遠くから見て美しいものに、人は心惹かれる。
それは絵だけではなかった。
いつも笑顔を絶やさず、話すのが上手く、明るく太陽のような人。
周りには、いつもたくさんの取り巻きがいる。
皆、その人のことを褒める。
悪く言う人はいない。
だがどういうわけか、その太陽のような人が、私の前では別の一面を見せるのだ。
それは子どもの時からだった。
その少年は、スポーツが得意で、面白くて人気者で、ガキ大将のような存在だった。
以下、彼をMくんと呼ぶ。
クラスには、Kくんという、ピアノが弾けて音楽が得意な、当時住んでいた街には、あまり見かけないタイプの子がいた。
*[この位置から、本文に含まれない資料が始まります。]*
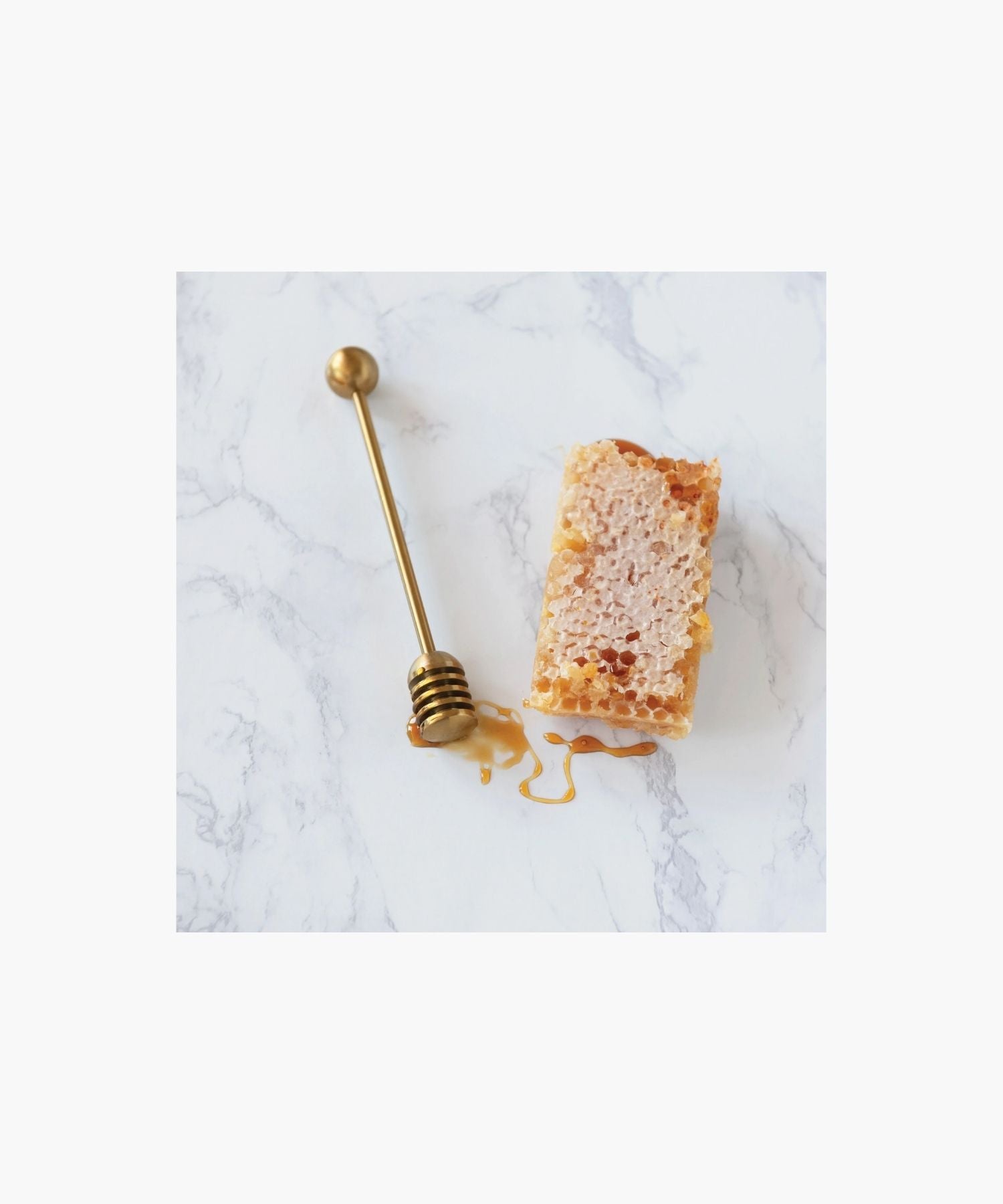 Gold honey dipper with a round handle and grooved end for collecting honey styled with honey comb on a marble surface. Simple and elegant kitchen tool.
Mくんは彼のことを、虫が好かない様子だった。
大勢の前で、わけのわからない難解な歌を、OKが出るまで歌わせて泣くまで止めさせなかったり、Kくんがいかに嘘つきであるかを吹聴したりしていた。
Kくんは、そこから不登校となり、中学に上がれば悪い仲間とつるむようになり、かつての繊細な面影をまったく失くしてしまったかのように見えた。
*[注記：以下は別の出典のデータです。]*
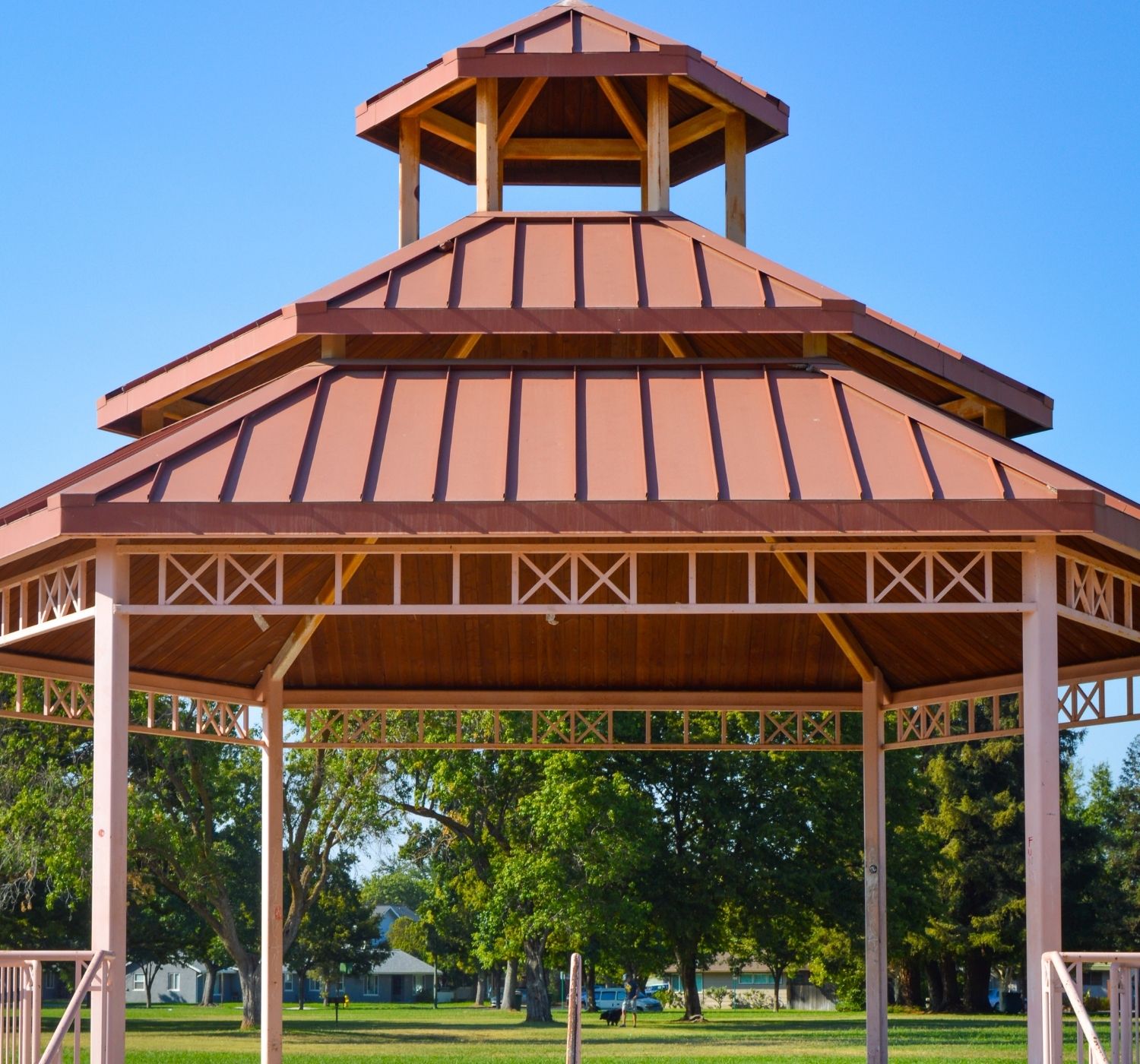 Light red and orange shade structure with green grass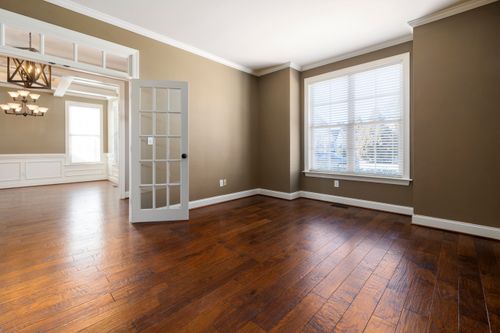 Free Bright and empty room with hardwood flooring, large windows, and elegant lighting. Stock Photo
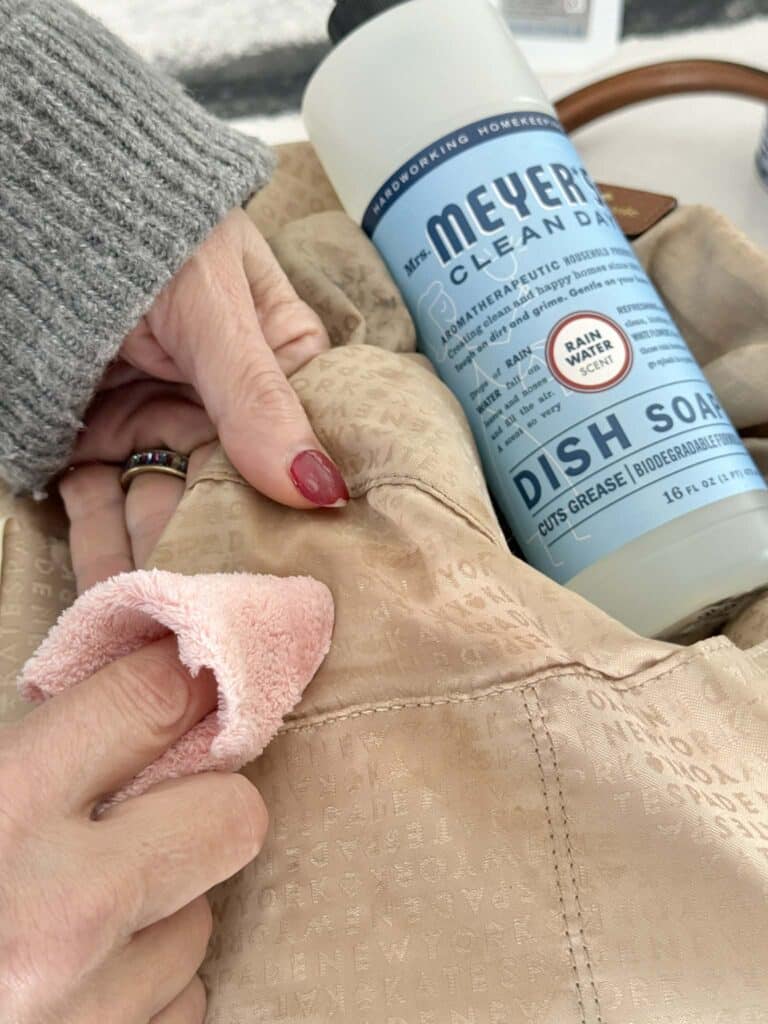 how to clean a canvas bag using a clean cloth and dish soap.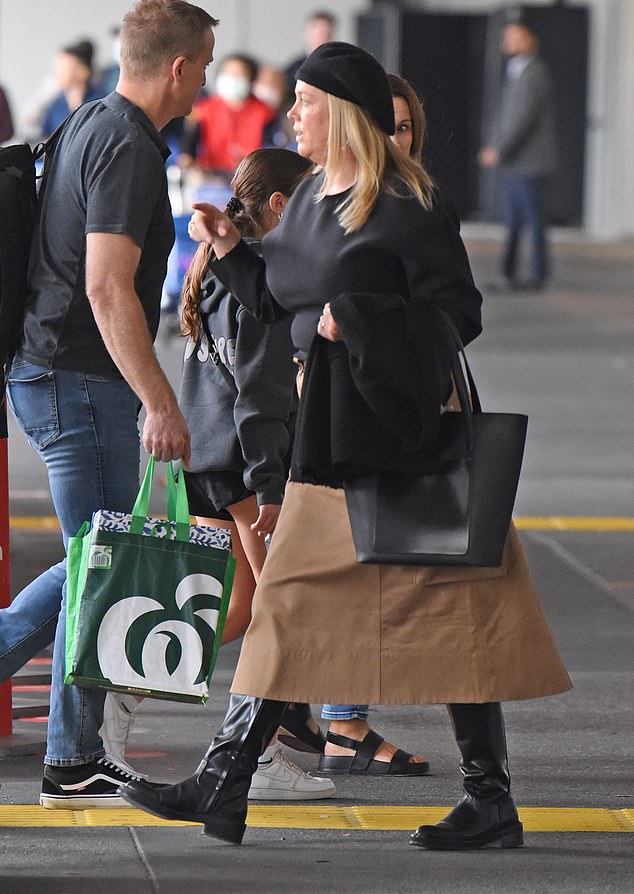 She wore a black beret, pearl earrings and a pair of knee-high boots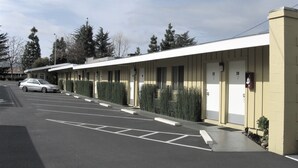 Une rangée de chambres de motel, chacune avec un numéro de porte distinct, un parking et une voiture garée devant.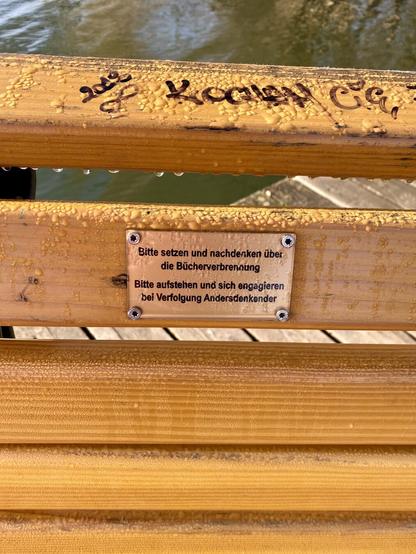 The bench has a little sign that says: “Bitte setzen und nachdenken über die Bücherverbrennung 
Bitte aufstehen und sich engagieren bei Verfolgung Andersdenkender”
Roughly: Please sit and reflect on the book burnings.
Please get up and do something when people who think differently get persecuted.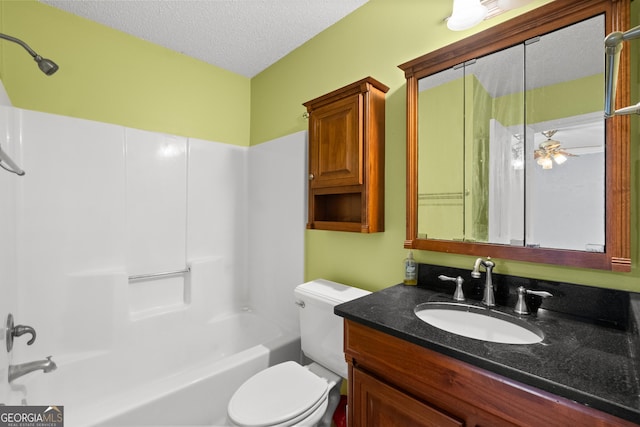 full bathroom with  shower combination, vanity, a textured ceiling, and toilet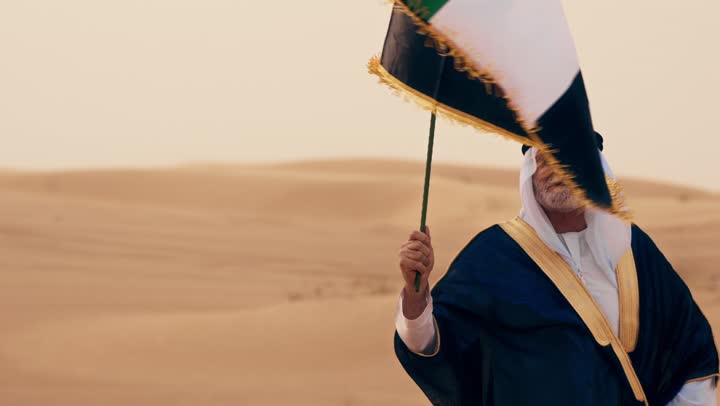An Arab Gulf Emirati man wearing a kandura and bisht with a white ghutrah is holding the flag of the United Arab Emirates while standing in an archaeological area in the desert. His love and pride for the homeland are evident as he raises the national flag on Flag Day, November 3, in commemoration of the UAE National Day 1971.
一方Mくんは、そのような非情な一面を先生や周りから見咎められることもなく、中学では生徒会長となり、大人になっても同窓会では幹事を務め、常に輪の中心であることは変わらなかった。
子ども時代からMくんを知る知人幾人かに聞いても、Mくんの「陰」とも言える一面について語る人は居なかった。
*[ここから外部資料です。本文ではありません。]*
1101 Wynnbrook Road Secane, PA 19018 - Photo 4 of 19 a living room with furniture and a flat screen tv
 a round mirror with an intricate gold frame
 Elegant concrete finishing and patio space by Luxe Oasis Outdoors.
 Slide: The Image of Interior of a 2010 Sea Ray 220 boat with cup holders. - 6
それから、私は、地域、職場、その他のコミュニティで、「Mくん的な」華のある人に出会うことになるが、その人に近づき過ぎると駄目だった。
やはり「あの」一面が見えてしまうし、私が見ているところでは、しっかり本性を出してくるのである。
「いじめ」というものが、これだけ問題視されていても、決して無くなることがないということの、答えの一つのような気もしている。
自分にとって直接実害が無いことに関しては、それがいじめであると認識されていない、ということなのだ。
しかし、ネットが発達した最近になって、パンドラの箱が開けられることがしばしばあり、その封印期間の長さにむしろ驚かされる。
時代、住む環境は違っても、同じような体験の共有を、ネットが可能にしてくれた。
そして、いま私がこのような駄文を綴る機会を与えられているのも、ネットのおかげである。
そのネットも使い方によっては、偽の太陽が本物であるかのようにふるまったり、見るほうが勝手に本物だと錯覚してしまうこともあるのだろう。

遠くにあるから、美しく見える。

そう思って生きていくほうが、いいのかもしれない。
自分の近くにある、本当に大切にしなければならないものが見えなくなり失くしてしまうことこそ、もっとも悲しい事実だと思うから。